Gamma-Pix


執筆(author) - DDN: coodoo

各地域の放射線量、放射線・放射能についての基礎知識など既存の計測データを集約してグラフや地図に可視化、各分野の専門家が60人以上集まって、ボランティア活動を続けている「radmonitor311「放射線量モニターデータまとめページ」。

以前p4jでもご紹介、方々でもかなり話題になったので訪れたことのある方も多いと思われるこのサイトの主催である一宮氏(@ichimiyar)が、現在各所で別々に行なわれている放射線計測をネットワーク化し計測方法を統一することで、国民がより安全を確保できるのではないかと訴えています。

同氏の呼びかけがPDFにまとめられているので是非一読してください。

放射線測定装置を普及させて役に立たせるために: ネット対応、校正、安価、階層化、で出来る事としたい事。http://bit.ly/jTp0ILless than a minute ago via web Favorite Retweet Reply



Gamma-Pix2この中で言及されているiPhoneアプリケーション「Gamma Pix」がかなり衝撃的です。

製品サイトによるとすでに米国及び国際特許に出願されているアプリケーションで、iPhoneやWebカメラに搭載されているセンサーに放射線(ガンマ線)を計測させることのできるもの(上画像参照)。現在、市販の放射線検出器は非業務用でも高価なものになるために、これが実現すればiPhoneに当然搭載されてあるネットワーク機能、そして計測地点を通知するGPSと組み合わさって、効率的に大規模な放射線観測情報網を構築できると一宮氏は訴えます。

しかしながらこのアプリケーションは現在、医療機関・警察・消防。軍関連のためにリリースされているもので個人向けは開発中とのこと。それまでの間に、是非、放射線計測を行っている方は一宮市に御一報頂き、計測環境とデータの共有を、そしてサーバー運営会社の方はインフラの提供を、そしてiPhone・Andoroid携帯のメーカーは導入の検討をお願いしたい。福島県は、福島第1原発の周辺住民約15万人を対象に、今後30年間にわたって放射線の影響を追跡調査する方針を固めました。発電に関わらず、原子力に関わる世界中の企業、政府、国防機関にとっても広範囲なデータ収拾はあらゆる意味で有益なはず。

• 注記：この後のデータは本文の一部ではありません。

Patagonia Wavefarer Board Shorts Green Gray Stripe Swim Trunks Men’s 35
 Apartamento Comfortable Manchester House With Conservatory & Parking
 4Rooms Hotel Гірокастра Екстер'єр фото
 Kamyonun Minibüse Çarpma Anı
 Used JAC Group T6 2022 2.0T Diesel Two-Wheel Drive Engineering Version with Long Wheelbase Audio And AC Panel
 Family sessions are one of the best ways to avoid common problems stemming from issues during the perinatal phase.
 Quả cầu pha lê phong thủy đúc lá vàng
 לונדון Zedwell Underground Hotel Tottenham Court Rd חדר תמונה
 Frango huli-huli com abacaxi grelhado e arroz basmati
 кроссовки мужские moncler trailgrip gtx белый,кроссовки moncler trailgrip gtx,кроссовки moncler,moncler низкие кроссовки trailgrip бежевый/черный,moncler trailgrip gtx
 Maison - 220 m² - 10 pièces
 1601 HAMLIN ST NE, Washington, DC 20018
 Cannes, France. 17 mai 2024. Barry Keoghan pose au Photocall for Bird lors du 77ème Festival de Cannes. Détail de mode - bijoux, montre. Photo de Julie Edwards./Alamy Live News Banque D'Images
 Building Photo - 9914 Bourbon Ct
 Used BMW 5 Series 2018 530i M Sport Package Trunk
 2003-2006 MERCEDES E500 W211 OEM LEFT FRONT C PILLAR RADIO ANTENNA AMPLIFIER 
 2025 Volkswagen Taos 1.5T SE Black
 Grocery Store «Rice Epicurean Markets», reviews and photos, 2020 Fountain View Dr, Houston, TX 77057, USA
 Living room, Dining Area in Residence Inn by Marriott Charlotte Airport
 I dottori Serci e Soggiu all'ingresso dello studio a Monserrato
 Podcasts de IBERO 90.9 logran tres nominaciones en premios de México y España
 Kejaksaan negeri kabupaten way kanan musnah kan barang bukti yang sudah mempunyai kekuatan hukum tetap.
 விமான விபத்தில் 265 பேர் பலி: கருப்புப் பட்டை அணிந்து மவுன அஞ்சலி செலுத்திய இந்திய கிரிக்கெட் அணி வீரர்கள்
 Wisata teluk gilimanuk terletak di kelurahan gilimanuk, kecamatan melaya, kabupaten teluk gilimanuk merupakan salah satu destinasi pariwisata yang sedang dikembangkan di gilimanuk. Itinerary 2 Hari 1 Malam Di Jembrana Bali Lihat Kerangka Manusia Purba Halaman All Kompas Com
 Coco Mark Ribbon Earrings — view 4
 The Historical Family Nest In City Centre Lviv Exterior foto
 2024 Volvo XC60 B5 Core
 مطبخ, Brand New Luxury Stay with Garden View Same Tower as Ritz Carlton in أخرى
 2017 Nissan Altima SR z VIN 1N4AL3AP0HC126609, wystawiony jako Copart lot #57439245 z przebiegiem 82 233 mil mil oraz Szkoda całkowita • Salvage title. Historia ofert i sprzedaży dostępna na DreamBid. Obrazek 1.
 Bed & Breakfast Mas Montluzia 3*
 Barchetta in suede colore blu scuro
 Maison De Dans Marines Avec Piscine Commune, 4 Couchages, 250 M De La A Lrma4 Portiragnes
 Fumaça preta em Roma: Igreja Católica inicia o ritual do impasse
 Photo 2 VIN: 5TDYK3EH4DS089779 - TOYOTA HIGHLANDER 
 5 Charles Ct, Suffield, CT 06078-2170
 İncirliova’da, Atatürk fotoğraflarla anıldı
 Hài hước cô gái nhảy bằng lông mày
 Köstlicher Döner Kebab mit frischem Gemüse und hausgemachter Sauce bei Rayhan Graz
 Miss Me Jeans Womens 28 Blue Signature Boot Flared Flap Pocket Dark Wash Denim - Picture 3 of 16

「自分なら〇〇ができる!」という方は、是非、一宮氏(@ichimiyar) まで御一報を。

TVを見ていると、すっかり日常を取り戻しているかのように見えますが、福島第一原発の状況はいまだ改善されておらず、浜岡や他のプラントでもトラブルや漏洩が問題視され政治も迷走しています。東電や政府が発表するデータを検証し、子供たちが生きていく未来の日本に責任を持つ意味でも、ひとりひとりが声を上げ、このようなプロジェクトを是が非でも成立させる必要があるのではないでしょうか。